Ultra-large virtual chemistry databases like the Enamine REAL Space are defined by collections of tens of thousands of chemical building blocks, along with the rules that help define the different ways these blocks can be combined to create molecules. It’s a bit like a catalog of Lego parts with instructions – in the case of the Enamine REAL Space, if you put the right Legos together in the right order, you should get about 36 billion different combinations. Most importantly, almost all of these 36 billion can be made-to-order in a short period of time.

These ultra-large chemistry spaces have become increasingly more useful in recent years as the computational techniques used to navigate them become more and more sophisticated. At Recursion, we have the advantage of linking this very large chemical space to a very large protein space in a way that allows us to explore different molecules on the basis of their biological activity. We can do these searches at a massive scale very efficiently before ordering and testing the most promising compounds, which in turn feeds more data back into our operating system.

In addition to Recursion’s BioHive-1, why is it important that we now have access to NVIDIA’s supercomputing resources?

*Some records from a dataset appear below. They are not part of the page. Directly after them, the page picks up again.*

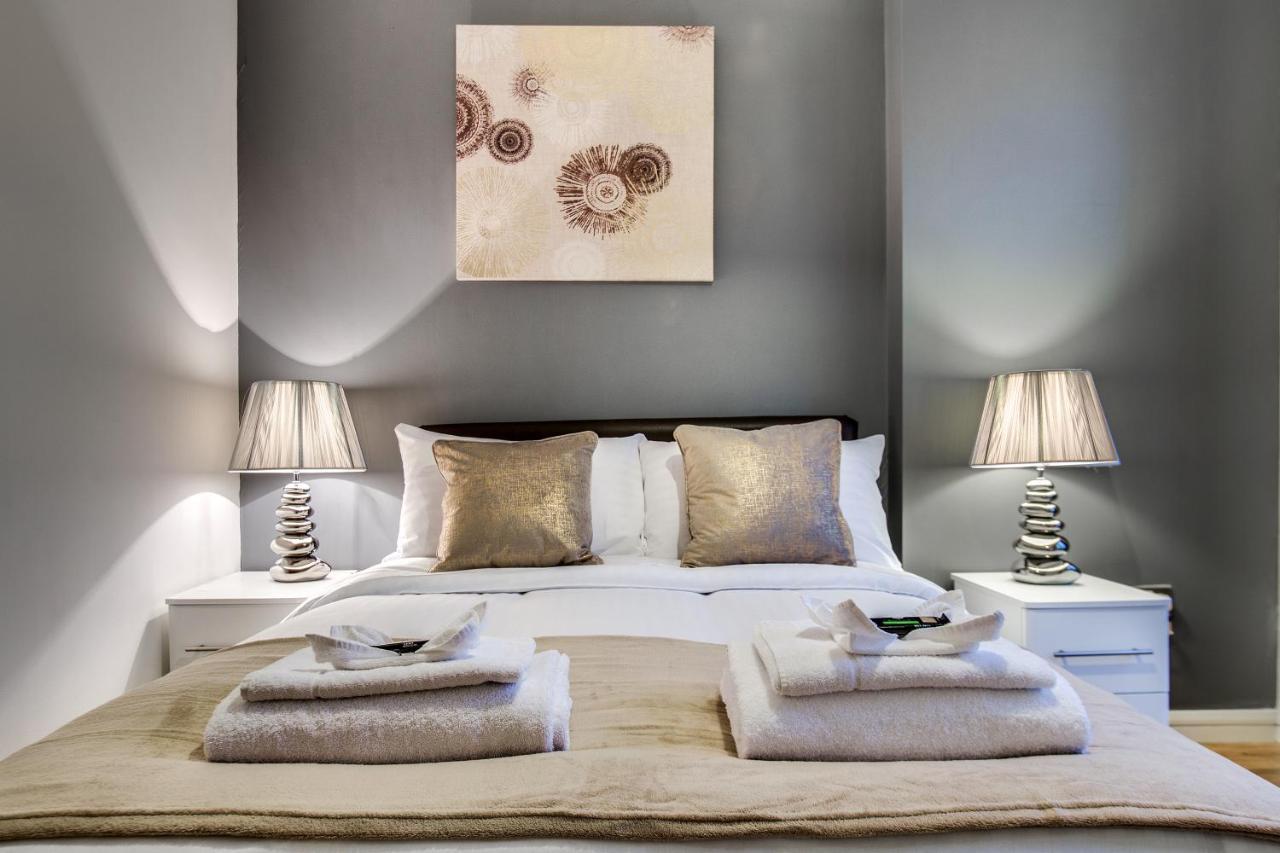 Inners City Apartments -On Suites Birmingham Extérieur photo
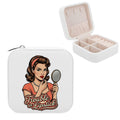 50s Retro Jewelry Case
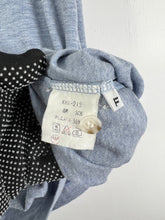 Load image into Gallery viewer, KENZO Jeans Button Down Tank Top GTMP198
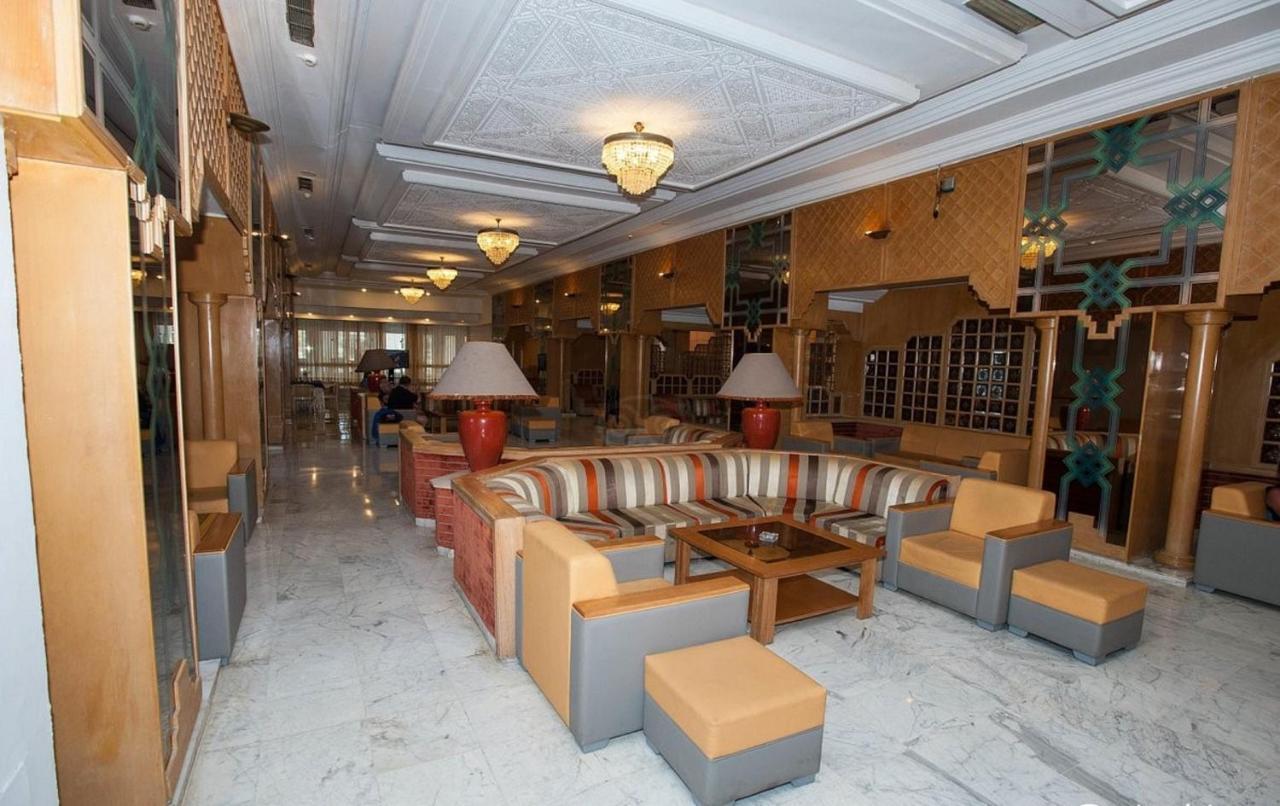 Riviera Hotel - Family Only Порт Ел Кантауи Екстериор снимка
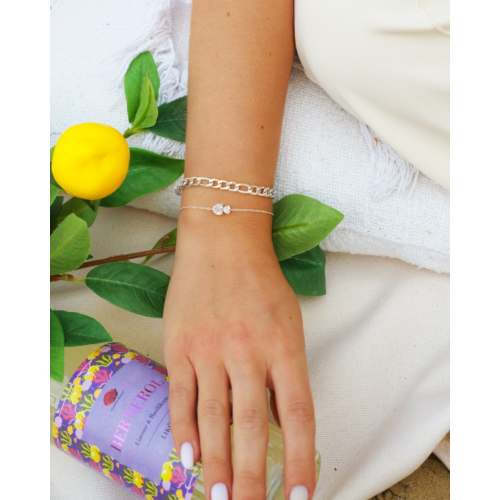 Schakelarmband Mixed Chain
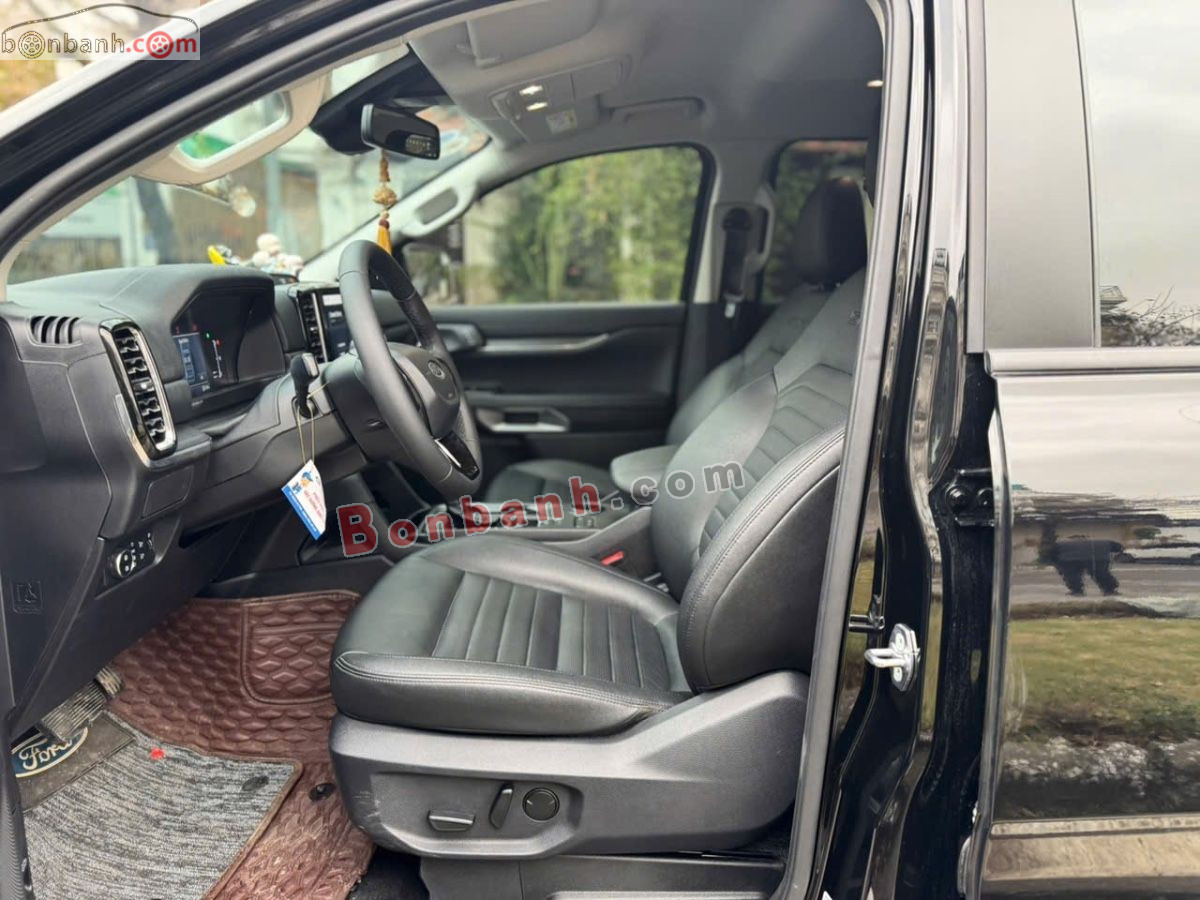 Bán ô tô Ford Everest Sport 2.0L 4x2 AT - 2024 - xe cũ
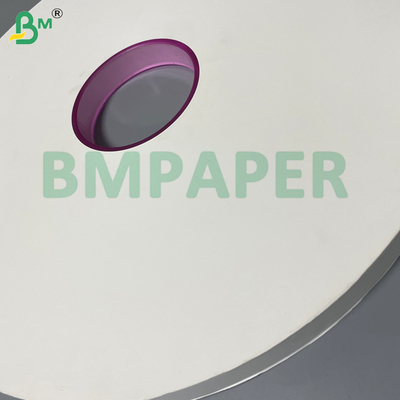 24g 28g Papel Kraft Impresso Ecológico e Seguro para Alimentos para Embalagem de Palhinhas de Papel para Beber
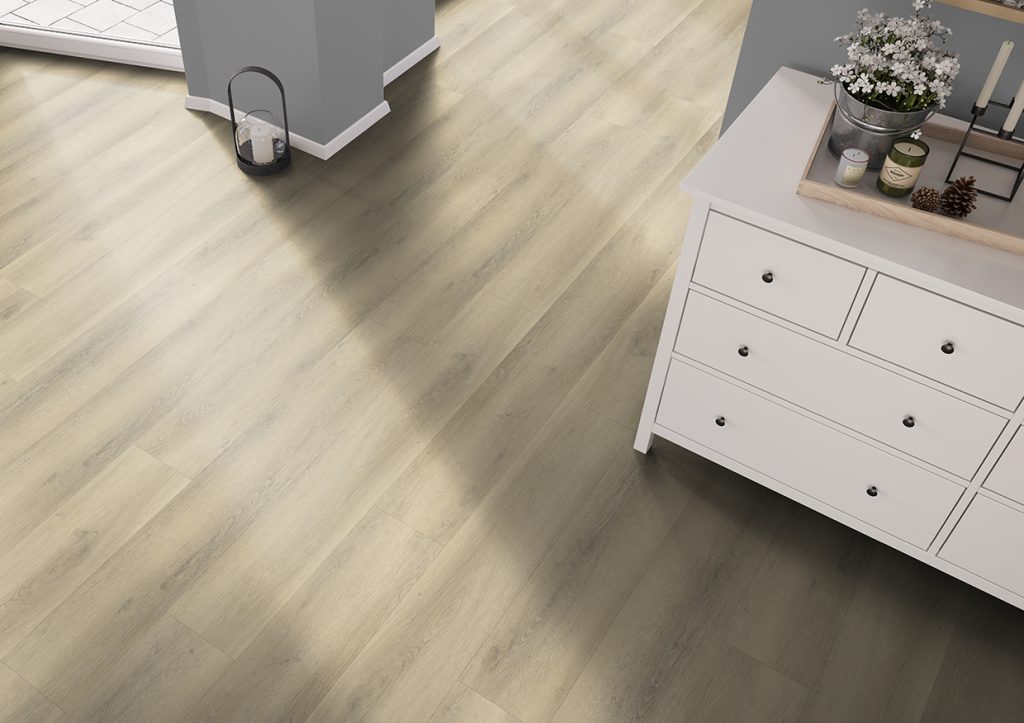 Belakos Palazzo Rigid Click Plank Klik PVC Licht eiken 229x1511x7mm 750RC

Having access to supercomputing hardware is a must for conducting large screens like this, and NVIDIA has been a phenomenal partner in helping us access the best-of-the-best of these capabilities.

But beyond the hardware itself, computations at this scale require every part of the process to be optimized to reduce any bottlenecks. Remember we are talking about simulating 2.8 quadrillion interactions – that’s a massive number. If we evenly distributed $2.8 quadrillion to everyone on Earth, it would amount to more than $350,000 per person. It's not just about putting it on a bigger computer, rather we must strategically reshape where and how calculations occur.

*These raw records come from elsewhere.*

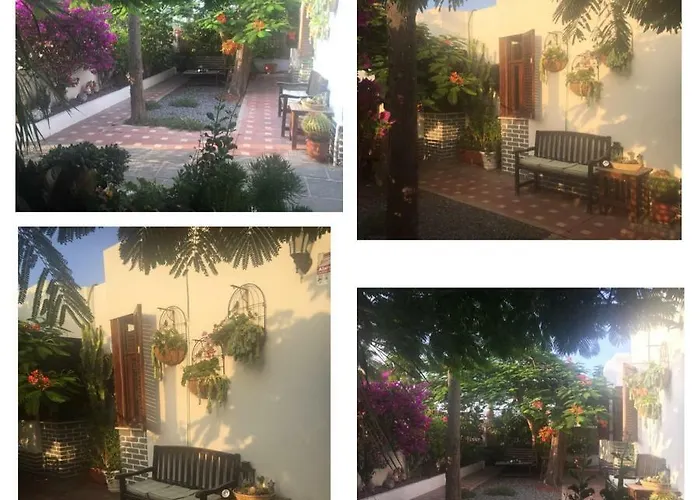 Nyaraló Heavens Garden House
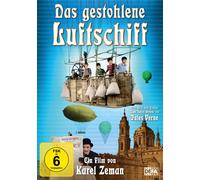 Das gestohlene Luftschiff (1966) (Filmjuwelen / DEFA Science Fiction) (DVD)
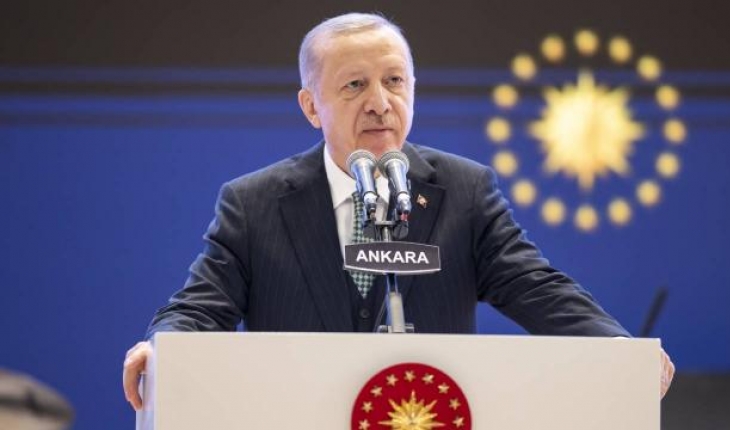 Cumhurbaşkanı Erdoğan Diyarbakır annelerine hitap etti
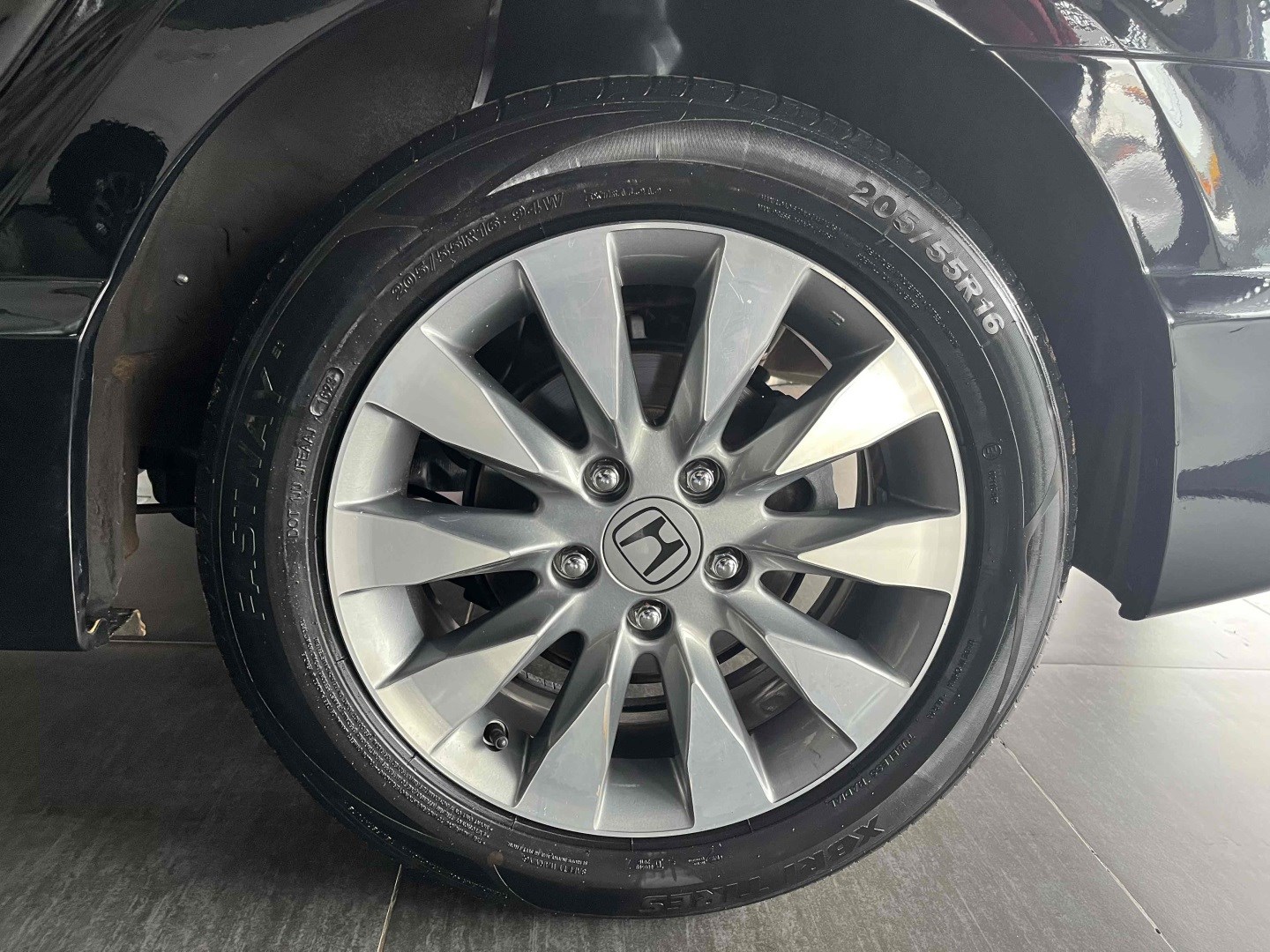 CIVIC 1.8 LXL SE 16V FLEX 4P AUTOMÁTICO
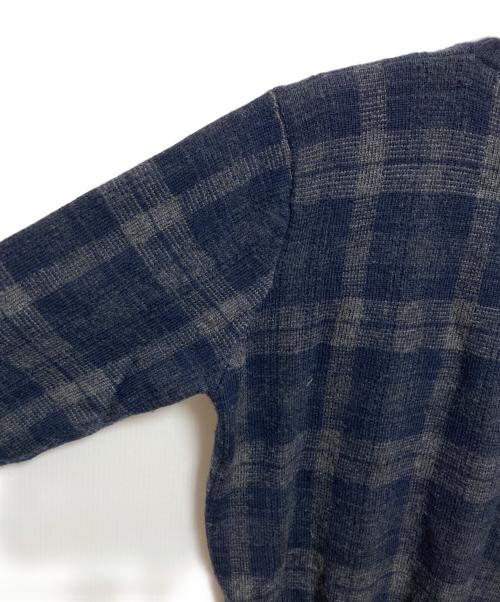 POLO RALPH LAUREN（ポロ・ラルフローレン）POLO RALPH LAUREN (ポロ・ラルフローレン) Vネックニット ネイビー サイズ:Mの古着・服飾アイテム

For example, one solution involved transitioning from CPUs (our primary tool at Cyclica) to GPUs (the primary tool at Recursion and with our partners at Nvidia). Having done this, we were able to reconfigure the MatchMaker neural network and make use of special NVIDIA GPU features like mixed-precision Tensor Cores to accelerate the calculation. Addressing these kinds of bottlenecks dramatically increased our scaling ability, and now we’re able to run screens over 1 million times larger than Cyclica’s previous capacity.

This milestone occurred less than 90 days after Cyclica joined Recursion. How have the teams been working together to pull this off?

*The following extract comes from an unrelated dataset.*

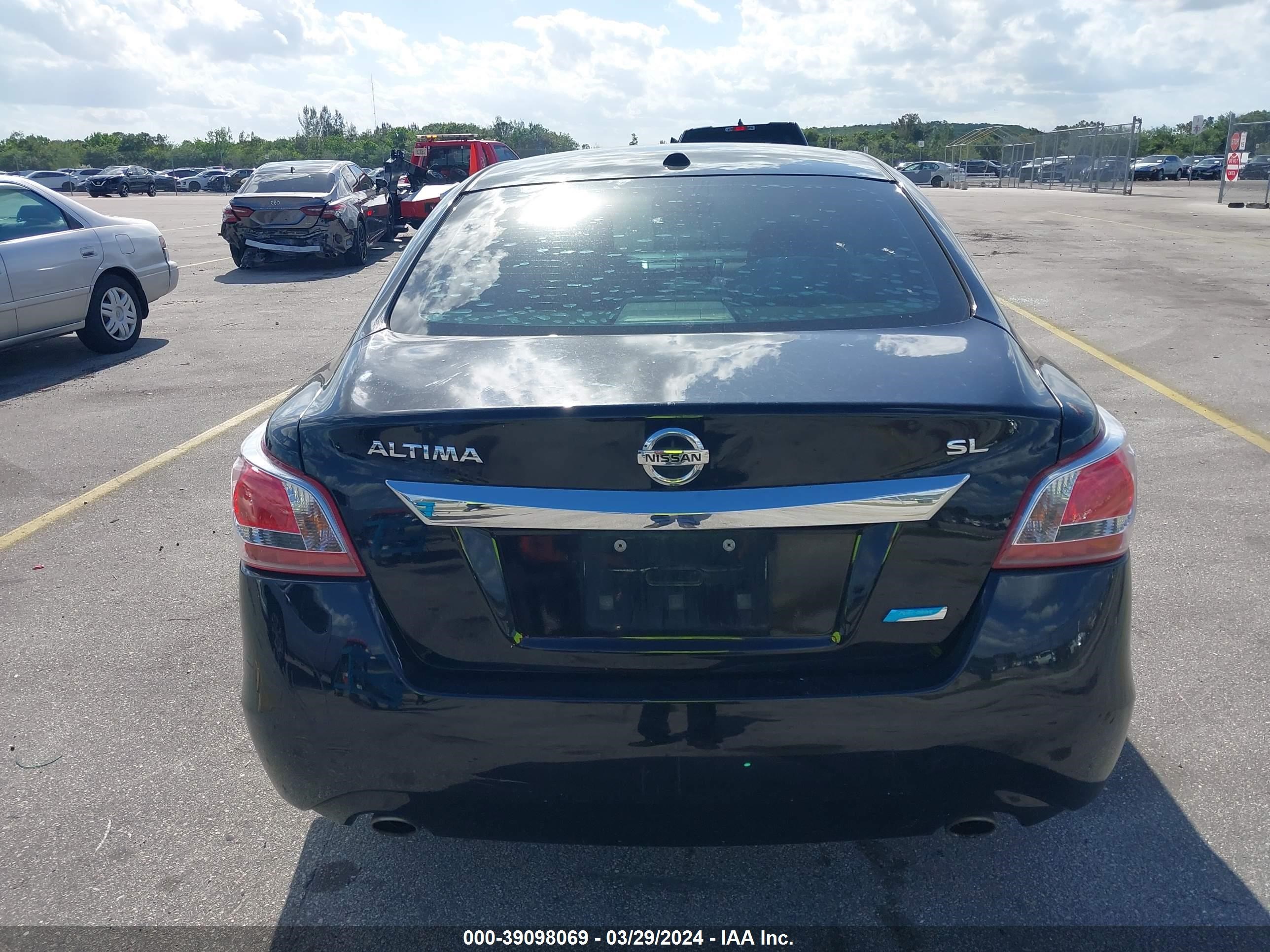 Photo 15 VIN: 1N4AL3AP8DN568908 - NISSAN ALTIMA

It was clear there was a shared mindset across the team that “nothing is impossible” – people embraced the challenge head-on. It was also impressive to watch folks come together who were deep experts in their respective fields – neural networks, digital chemistry, engineering, etc. As we tackled one challenge after the next, tapping into that expertise became essential to helping us optimize the computations that made this possible.

Recursion’s newly integrated teams of people, experience and abilities gave a fresh perspective on the way calculations happen and how we can optimize these processes, helping to accelerate our drug discovery programs. It was thrilling to see the combined team embodying Recursion’s values of “We Are One Recursion” and “We Act Boldly With Integrity” to bring to life another value – “We Deliver.”